Some other highlights from the survey:
- Forty percent prefer all ads be directly targeted to their interests.
- Forty-seven percent would oppose a law that would restrict how data is used for internet advertising but also potentially reduce free content availability.
- Seventy-five percent want the ability to choose the ads they want to see, as opposed to 4 percent who said government should choose. Along those lines, 61 percent don’t trust the government to regulate how internet advertising is delivered.
The poll results created more questions than they answered, according to a university professor who spoke with Adweek.
“The questions were designed to get the answer the DAA wanted,” said Joseph Turow, a professor at the University of Pennsylvania’s Annenberg School of Communications, in the interview. “What’s really going on with behavioral advertising is really against what people want.
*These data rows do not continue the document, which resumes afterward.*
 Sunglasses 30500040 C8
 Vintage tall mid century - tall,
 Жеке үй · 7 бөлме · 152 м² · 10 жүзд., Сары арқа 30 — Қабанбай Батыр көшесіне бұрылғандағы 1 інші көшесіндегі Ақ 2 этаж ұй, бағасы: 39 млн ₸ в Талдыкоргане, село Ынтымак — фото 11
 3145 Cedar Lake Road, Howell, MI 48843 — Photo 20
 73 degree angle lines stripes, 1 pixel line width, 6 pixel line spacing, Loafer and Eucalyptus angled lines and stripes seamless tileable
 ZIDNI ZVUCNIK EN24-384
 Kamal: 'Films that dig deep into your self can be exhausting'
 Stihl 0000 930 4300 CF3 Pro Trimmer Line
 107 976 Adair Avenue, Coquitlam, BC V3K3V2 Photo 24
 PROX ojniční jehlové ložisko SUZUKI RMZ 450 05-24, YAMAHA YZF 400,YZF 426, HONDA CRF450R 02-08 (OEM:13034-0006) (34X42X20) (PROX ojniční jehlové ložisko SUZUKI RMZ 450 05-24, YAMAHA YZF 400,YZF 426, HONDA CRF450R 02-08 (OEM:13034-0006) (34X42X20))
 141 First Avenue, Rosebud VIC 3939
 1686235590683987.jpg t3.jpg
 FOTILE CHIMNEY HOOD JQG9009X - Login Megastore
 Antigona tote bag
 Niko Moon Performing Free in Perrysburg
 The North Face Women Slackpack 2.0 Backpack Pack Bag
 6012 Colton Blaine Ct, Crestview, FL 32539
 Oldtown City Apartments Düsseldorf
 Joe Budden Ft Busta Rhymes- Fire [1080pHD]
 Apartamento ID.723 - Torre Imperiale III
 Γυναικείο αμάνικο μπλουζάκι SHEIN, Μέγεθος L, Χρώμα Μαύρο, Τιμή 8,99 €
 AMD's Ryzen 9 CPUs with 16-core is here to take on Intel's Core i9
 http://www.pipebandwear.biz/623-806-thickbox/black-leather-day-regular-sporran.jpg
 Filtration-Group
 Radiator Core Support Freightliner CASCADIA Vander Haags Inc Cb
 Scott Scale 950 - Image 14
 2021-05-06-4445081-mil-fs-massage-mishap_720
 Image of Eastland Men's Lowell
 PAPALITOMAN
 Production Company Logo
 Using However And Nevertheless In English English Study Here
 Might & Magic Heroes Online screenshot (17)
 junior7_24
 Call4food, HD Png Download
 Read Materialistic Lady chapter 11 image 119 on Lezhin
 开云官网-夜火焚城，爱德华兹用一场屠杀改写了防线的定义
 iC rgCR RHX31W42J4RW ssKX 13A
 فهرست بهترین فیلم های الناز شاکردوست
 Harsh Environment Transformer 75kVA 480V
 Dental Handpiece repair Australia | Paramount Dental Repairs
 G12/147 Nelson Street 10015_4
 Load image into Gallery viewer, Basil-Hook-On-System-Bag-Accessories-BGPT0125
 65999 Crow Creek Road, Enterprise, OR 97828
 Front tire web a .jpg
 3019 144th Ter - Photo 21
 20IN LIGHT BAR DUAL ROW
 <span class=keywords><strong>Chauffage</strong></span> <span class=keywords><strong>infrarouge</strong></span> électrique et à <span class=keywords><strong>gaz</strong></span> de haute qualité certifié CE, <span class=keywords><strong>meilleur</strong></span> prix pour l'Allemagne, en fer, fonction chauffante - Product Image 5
People want control and don’t want to feel that they’ve been pushed in a certain direction.”
Mastria responded in the same Adweek article that the DAA hoped the study would “inform the debate” and that it was “unfortunate that targeted advertising has been conflated with all kinds of privacy fears.”
The study also flies in the face of two reports in recent years that show most Americans don’t want targeted ads.
According to a post in Online Media Daily, the Pew Internet and American Life Project found last year that 68 percent of Americans opposed targeted ads because they “don’t want to be tracked and profiled.” A study in 2009 by the Annenberg School and the University of California, Berkeley School of Law—which Turow was a part of—revealed that two out of three web users didn’t want targeted ads.